** Opening Data excerpts block **

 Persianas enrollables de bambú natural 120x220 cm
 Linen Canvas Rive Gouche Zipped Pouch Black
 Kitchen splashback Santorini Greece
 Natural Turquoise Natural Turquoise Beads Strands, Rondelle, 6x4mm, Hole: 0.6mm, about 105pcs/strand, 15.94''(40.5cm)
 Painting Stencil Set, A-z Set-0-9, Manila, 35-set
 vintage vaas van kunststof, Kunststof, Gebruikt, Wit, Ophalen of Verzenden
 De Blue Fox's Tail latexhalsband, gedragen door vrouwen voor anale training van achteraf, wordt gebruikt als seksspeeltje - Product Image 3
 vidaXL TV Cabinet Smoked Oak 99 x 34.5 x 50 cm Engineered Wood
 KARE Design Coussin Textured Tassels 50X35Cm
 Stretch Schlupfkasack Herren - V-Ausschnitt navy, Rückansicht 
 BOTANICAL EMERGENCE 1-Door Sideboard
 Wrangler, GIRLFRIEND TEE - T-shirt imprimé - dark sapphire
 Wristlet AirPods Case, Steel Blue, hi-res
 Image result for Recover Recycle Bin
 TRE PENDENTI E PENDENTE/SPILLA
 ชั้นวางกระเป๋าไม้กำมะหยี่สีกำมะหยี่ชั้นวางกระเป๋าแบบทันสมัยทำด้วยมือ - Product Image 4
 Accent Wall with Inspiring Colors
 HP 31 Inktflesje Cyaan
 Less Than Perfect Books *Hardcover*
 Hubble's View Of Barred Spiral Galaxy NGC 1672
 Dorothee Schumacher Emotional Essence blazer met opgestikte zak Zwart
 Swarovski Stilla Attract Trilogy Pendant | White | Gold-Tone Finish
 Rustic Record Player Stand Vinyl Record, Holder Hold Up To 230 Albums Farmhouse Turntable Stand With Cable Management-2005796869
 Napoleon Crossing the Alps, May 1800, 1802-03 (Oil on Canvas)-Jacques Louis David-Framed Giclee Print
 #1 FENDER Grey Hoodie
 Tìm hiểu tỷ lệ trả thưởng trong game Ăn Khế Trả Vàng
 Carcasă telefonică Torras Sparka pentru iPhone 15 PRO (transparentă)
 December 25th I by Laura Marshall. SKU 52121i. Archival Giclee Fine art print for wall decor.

** Closing Data excerpts block **

Lines above with the string "Product" need to be found and copied.

Solution to the problem
 De Blue Fox's Tail latexhalsband, gedragen door vrouwen voor anale training van achteraf, wordt gebruikt als seksspeeltje - Product Image 3
 ชั้นวางกระเป๋าไม้กำมะหยี่สีกำมะหยี่ชั้นวางกระเป๋าแบบทันสมัยทำด้วยมือ - Product Image 4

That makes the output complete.